Aggregate Functions¶
avg(x)
Returns the average (arithmetic mean) of all input values.
sum(x)
Returns the sum of all input values.
count(x)
Returns the number of non-null input values.
max(x)
Returns the maximum value of all input values
min(x)
Returns the minimum value of all input values.
AVG support in Cider¶
Similar as other aggregation functions, ‘AVG’ has 2 phases(Partial/Final) in distributing data analytic engines. But computation is different in different phase. In AVG partial, computation is split into sum() and count() on target column/expression and in AVG final, sum() is done on previous summation and count value, then do a divide between these 2 values.
Since Cider is positioned as a compute library under such a distributed engine at task level, it doesn’t support AVG syntax directly in its internal.
It may have some conflictions when frontend framework offloads AVG function to Cider, mainly caused by different signature of referred functions, such as output type, etc. Take Velox for example, it specifies sum(int) with output type double in avg aggregation, while it violates rules in cider which uses output type bigint. This will cause codegen check failure. So for this case, we made a workaround by following Cider rules in internal and convert result to double when retriving result into CiderBatch, thus can keep consistent schema with following op in velox plan, such as avg final computation.

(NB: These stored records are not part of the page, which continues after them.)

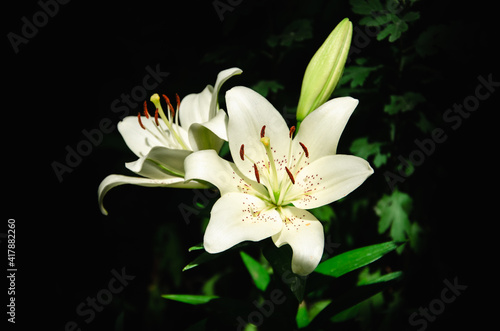 White lily flowers close up nature background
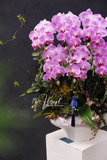 Chậu Lan hồ điệp -Khởi Sắc Thành Danh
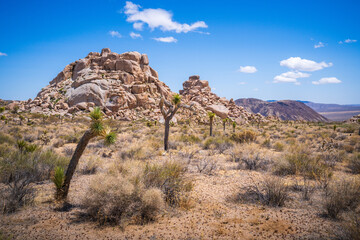 hiking in joshua tree national park in california, usa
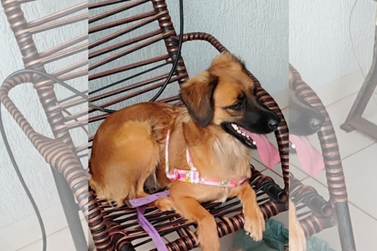 Fam&iacute;lia busca cachorrinha desaparecida e oferece recompensa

Similar special handle will be needed when output type of agg functions from frontend framework violates with cider internal. In cider, the returned data types defined as following:
* - Aggregate Function
- Output Type
* - SUM
- If argument is integer, output type will be BIGINT. Otherwise same as argument type.
* - MIN
- Same as argument type.
* - MAX
- Same as argument type.
* - COUNT
- If g_bigint_count is true(default false), output type is BIGINT. Otherwise uses INT.